Pakistani tribesmen raise their hands to condemn U.S. drone strikes in January 2012 in Mir Ali, a border town of North Waziristan.
U.S. missiles slammed into three compounds close to the Afghan border Friday, killing 18 people, Pakistani officials said, just a day after the government summoned an U.S. diplomat to protest drone strikes in the country's northwest tribal region.
The drones struck the North Waziristan tribal area, Pakistani media reported.
Friday's strikes were the fourth attack in the span of a week, as well as the most deadly.
The drone campaign has been a source of friction between the U.S. and Pakistan, which sees the strikes as an infringement on its sovereignty.
On Thursday, Pakistan's Foreign Ministry summoned a U.S. diplomat to protest the recent drone strikes.
"A senior U.S. diplomat was called to the Ministry of Foreign Affairs and informed that the drone strikes were unlawful, against international law and a violation of Pakistan's sovereignty.
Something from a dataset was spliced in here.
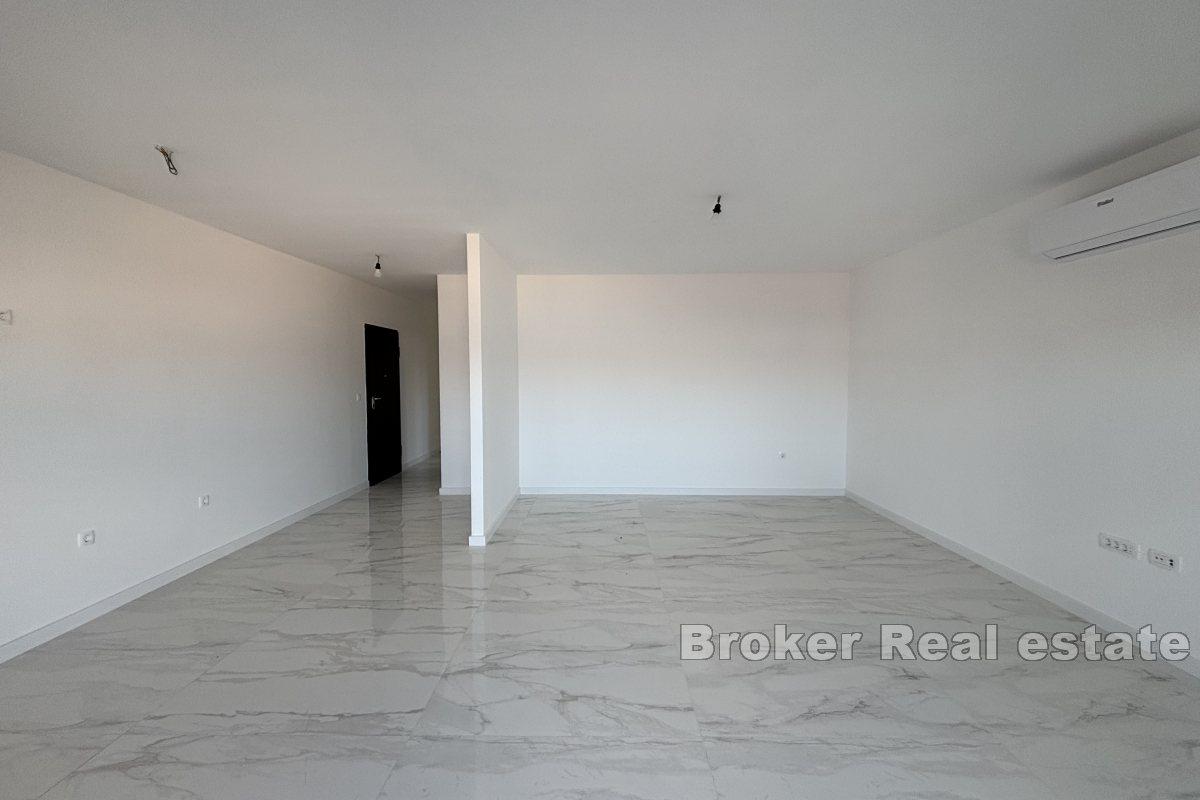 Rymlig takvåning med havsutsikt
It was emphatically stated that such attacks were unacceptable," the Foreign Ministry said in a statement. The diplomat was not identified.
One day later, Pakistani intelligence officials said American drone-fired missiles hit three militant hideouts in Pakistan's North Waziristan tribal areas.
The officials said each of the three compounds was hit by two missiles.
Fourteen people were also injured in the attack.
The officials spoke on condition of anonymity because they were not authorized to speak to reporters. There was no immediate comment from the U.S.
Drones 'illegal, unproductive'
Pakistan's foreign ministry spokesman Moazzam Ahmad Khan criticized Friday's strikes during his weekly press briefing in Islamabad.
"We regard these strikes as illegal and unproductive," he said.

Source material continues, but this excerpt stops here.